戦闘開始
「(斬神の出現、妖刀師か)」
炎命炉刃金を違法所得している人間は、妖刀師として認定される。
妖刀師が相手の場合、あらゆる規則を無視して、最優先的な討伐が決定される。
「(斬神を使役するよりも、斬術の方が早い、恐らく相手もッ)」
斬神を遣い、異能の力を発動するよりも早く。
奈流芳一以と妖刀師は剣を交えた。
鍔迫り合いを行う二人。
実力は拮抗していた。
「ッ!白檮山!!」
奈流芳一以は叫んだ。
その声に反応する白檮山雪月花。
加勢をしろ、と言うつもりなのか、と白檮山雪月花は思った。
だが、奈流芳一以は自らの背後に立つ襲玄に脳内で命令。
その命令に応じた斬神・襲玄が巨大な大剣を大きく振り上げると、妖刀師に向かって刀を振り下ろす。
「おっとッ」
襲玄の攻撃は、妖刀師の背後に居た斬神が、彼の首根っこを捕まえて無理矢理後退させた。

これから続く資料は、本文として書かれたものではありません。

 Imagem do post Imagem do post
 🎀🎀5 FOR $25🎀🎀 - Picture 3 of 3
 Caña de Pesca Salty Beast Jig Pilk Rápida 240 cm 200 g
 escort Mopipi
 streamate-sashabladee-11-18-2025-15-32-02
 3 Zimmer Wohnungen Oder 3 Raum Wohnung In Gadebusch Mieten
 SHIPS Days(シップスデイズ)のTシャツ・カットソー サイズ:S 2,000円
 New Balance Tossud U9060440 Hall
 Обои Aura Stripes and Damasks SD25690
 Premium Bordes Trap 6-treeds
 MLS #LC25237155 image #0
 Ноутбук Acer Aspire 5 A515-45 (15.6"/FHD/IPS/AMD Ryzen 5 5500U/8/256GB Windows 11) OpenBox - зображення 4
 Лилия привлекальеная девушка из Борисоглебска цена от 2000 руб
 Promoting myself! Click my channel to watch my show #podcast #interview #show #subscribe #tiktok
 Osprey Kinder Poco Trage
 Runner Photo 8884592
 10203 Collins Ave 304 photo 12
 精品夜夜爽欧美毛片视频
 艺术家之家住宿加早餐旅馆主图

後方へと投げ飛ばされる妖刀師は、上手く地面に着地して、奈流芳一以を見据える。
奈流芳一以は、相手を見ながらゆっくりと刀を鞘へと納める。
「お前は、もう片方を頼む」
奈流芳一以は、もう一人の妖刀師へ視線を向ける。
黒色の服装をした男は、刀を握り締めながら親指を口元に近付けて、飴玉を舐める様に指を吸っていた。
「(…頼まれた、奈流芳師に)」
彼女は、思わず頬を綻ばせそうになった。
だが戦闘中、油断をするつもりなど無かった為に、即座に顔を引き締めると、相手の方へ顔を向ける。
「お任せを、奈流芳師」
そう自信満々に彼女は言う。
本当ならば、彼女だけでも逃がす選択があった。
しかし、それを選ばなかったのは…あまりにも、この相手が異質であると言う事。
「(人としてならば、二対一で相手をする…だが、こいつらは不味い、逃がしたらダメだ…斬人として、こいつらは野放しに出来ない)」
余程、奈流芳一以の悪感に障ったらしい。
この妖刀師を放置してしまえば、この先、最悪な事態へ陥るだろうと言う斬人としての感。
奈流芳一以は、相手を見据えて、居合の構えをする。
一気に、相手を切り伏せる算段にしたらしい。
「(行くぞ…襲玄ッ)」
奈流芳一以、抜刀。
『流閃』を発動し、一気に間合いを詰めて高速抜刀を行った。
「しゃッ、おらァ!!!」
だが、相手はその動きに反応していた。
刀を振るい、奈流芳一以の刀身へ合わせて接触。
したかと思えば…鼓膜を破る程の大きな音が炸裂した。
「ぐァ!!」
平衡感覚を失う程に大きな音。
その音と共に、奈流芳一以は弾き飛ばされた。
「(この、ワザはッ!!)」
奈流芳一以は、妖刀師が発動した斬術を察した。
斬術戦法・
刀身に闘火を充填させ、攻撃を与えると同時に爆ぜさせる事で衝撃波を放つ技である。
「(当たれば斬術を弾かれる技ッ)」
斬撃を放つ奈流芳一以の斬撃。
高速移動を行い相手を切り捨てる流閃。
相手に接近し、攻撃を与える瞬間に撃剣を使われると真面に近接戦闘が出来なくなる。
相手が上手であれば上手である程に、斬術戦法を封じ込まれる。
極めて厄介な技であるのだが、当然ながらその技には弱点が存在する。
「(撃剣は闘火を貯め込んで一気に発散させる業だ、十分に貯め込むには時間が掛かる、炎子炉が無限じゃ無い限り、早々使用する事は出来ない)」
奈流芳一以は弾かれて相手との間が出来た事を好機と思った。
手や指を握ったり緩めたりする。
完全に刀を振り切る寸前で撃剣を使われ、手足に掛かる負担が中途半端な状態だった。
これならば、多少は動けると奈流芳一以は思った。
「(手足は痺れてるが完全硬直じゃない…だったら)」
奈流芳一以は炎命炉刃金を構える。
背後に佇む斬神・襲玄も共に、相手を睨んでいた。